Ивашка, которому было не до шуток, уставился на подьячего с глубоким непониманием.
— Ты сказывай, сказывай! — напомнил ему Стенька. — Мы тут с тобой до ночи возиться не станем.
— Женишку свою Марфицу заложил, и пятнадцать рублей с него получил, и в Касимов поехал, а он с Марфицей жить остался…
— Ты откуда такой вылез? — напустился на него Колесников. — Ты что, в церковь Божию не ходишь, проповедей не слушаешь? Сам патриарх учить изволил — нельзя, грешно жен закладывать, чтобы чужой человек с ними сожительство имел!
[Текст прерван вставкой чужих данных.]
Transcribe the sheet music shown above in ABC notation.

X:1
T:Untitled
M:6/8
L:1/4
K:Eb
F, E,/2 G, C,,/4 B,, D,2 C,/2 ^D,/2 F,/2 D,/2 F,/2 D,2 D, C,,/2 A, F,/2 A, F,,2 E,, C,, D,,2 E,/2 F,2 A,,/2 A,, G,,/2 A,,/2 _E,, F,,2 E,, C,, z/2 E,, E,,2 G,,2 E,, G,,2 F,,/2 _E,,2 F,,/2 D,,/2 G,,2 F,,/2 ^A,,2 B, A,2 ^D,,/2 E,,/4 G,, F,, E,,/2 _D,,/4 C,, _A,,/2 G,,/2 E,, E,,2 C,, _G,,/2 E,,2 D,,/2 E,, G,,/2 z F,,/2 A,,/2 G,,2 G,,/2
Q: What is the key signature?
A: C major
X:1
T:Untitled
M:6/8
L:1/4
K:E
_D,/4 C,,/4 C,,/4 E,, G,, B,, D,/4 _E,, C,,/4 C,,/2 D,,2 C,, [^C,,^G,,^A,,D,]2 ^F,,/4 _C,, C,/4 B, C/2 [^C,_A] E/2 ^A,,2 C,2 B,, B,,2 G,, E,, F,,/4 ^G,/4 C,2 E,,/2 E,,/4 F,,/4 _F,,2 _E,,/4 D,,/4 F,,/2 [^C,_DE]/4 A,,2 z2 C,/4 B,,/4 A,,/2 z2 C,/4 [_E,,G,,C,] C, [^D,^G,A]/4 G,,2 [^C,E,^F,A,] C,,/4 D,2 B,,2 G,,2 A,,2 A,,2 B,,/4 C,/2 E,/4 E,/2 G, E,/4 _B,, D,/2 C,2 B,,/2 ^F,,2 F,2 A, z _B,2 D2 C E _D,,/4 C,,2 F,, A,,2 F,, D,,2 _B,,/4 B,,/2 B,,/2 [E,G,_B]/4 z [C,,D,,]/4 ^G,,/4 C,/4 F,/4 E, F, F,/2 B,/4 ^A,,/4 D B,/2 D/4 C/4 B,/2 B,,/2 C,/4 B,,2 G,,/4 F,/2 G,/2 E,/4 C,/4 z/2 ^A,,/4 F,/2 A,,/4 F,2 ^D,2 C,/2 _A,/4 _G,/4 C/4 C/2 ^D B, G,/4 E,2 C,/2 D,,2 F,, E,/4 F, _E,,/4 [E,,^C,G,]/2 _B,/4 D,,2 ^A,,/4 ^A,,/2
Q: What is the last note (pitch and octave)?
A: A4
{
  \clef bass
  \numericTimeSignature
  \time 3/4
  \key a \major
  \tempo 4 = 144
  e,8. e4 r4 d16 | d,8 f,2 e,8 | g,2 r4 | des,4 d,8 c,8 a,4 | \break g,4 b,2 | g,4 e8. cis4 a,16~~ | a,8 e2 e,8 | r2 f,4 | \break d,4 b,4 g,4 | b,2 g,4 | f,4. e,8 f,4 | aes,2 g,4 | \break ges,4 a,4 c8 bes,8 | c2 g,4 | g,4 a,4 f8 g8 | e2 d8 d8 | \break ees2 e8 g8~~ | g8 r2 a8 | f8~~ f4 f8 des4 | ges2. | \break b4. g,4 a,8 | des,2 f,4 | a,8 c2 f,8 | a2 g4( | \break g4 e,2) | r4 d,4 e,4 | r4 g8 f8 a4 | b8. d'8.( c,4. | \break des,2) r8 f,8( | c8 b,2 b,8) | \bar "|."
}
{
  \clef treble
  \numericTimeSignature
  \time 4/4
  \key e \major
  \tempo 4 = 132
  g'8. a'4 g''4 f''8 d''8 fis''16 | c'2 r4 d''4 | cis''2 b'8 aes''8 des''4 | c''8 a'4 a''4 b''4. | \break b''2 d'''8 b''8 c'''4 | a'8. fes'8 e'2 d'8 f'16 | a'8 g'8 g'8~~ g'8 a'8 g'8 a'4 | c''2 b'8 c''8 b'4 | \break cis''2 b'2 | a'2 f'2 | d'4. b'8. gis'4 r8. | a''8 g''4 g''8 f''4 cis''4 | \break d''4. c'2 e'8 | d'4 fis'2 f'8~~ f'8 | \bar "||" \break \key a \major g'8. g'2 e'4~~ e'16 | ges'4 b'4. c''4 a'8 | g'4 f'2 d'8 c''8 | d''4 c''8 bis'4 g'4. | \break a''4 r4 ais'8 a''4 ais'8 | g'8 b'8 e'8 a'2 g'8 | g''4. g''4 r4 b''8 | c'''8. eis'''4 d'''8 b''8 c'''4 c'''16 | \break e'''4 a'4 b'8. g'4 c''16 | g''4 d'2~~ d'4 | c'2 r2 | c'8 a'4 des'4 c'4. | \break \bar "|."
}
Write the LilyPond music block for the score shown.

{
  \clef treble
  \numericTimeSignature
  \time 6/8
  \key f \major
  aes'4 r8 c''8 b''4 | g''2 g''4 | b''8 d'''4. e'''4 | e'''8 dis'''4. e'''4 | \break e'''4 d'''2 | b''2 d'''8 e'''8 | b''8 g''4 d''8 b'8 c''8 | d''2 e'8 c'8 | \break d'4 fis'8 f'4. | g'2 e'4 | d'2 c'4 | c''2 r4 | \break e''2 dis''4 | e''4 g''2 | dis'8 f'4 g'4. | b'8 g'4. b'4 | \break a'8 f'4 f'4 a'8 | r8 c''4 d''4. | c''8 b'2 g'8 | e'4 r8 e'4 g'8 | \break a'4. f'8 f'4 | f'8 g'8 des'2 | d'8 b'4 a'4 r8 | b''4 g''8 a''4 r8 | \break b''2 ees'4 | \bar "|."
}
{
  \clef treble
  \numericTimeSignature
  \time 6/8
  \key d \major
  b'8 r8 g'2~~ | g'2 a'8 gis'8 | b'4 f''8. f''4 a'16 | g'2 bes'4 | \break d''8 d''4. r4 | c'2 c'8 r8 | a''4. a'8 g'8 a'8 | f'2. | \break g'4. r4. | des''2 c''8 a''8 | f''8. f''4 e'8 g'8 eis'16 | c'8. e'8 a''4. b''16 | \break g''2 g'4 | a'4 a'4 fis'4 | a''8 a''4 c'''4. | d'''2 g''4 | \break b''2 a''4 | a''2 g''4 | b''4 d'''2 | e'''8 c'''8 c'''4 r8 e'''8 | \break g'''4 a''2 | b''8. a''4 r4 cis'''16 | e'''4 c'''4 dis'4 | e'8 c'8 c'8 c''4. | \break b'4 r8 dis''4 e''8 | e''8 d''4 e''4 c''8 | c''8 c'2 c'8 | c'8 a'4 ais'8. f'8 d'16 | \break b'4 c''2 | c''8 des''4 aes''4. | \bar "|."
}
Жену в блуд вводишь, дурак!
— Всегда так делалось! Я-то со двора поеду, а она-то одна останется, так хоть присмотрена да сыта будет! — возразил Ивашка. — И вот женишку свою Марфицу этому аспиду заложил, и пятнадцать рублей получил…
— Знаю, знаю. Когда приехал — что обнаружилось?
— А то и обнаружилось, что он ее другому человеку передал, как зовут — не ведаю, а прозвание ему — Пасынок! И она с тем Пасынком ныне живет!
— Ты кого, Степа, привел? — устало спросил Колесников. — Этих подлецов — не к нам! Их к патриарху на суд надобно! Пусть бы их в Соловки к святым отцам всех на покаяние отправил! На хлеб и воду! Вас, сучьих детей, для того венчают, чтобы вы женами торговали?
— Выслушай, батюшка! — Тут и торговый человек из Суздали, сучий сын Никишка Ревякин бухнулся на колени. — Он точно мне женишку свою на полгода заложил, да ведь вовремя не выкупил! И я еще лишний месяц ее кормил-поил! А я для чего ее в заклад взял-то? На Москве я, сирота, человек чужой, своего двора не имею, покормить-обстирать меня некому…
— Гляди ты, сирота на сироте едет и сиротой погоняет, — заметил Колесников. — Стало быть, ту Марфицу вовремя не выкупили, и ты счел себя вправе ее переуступить?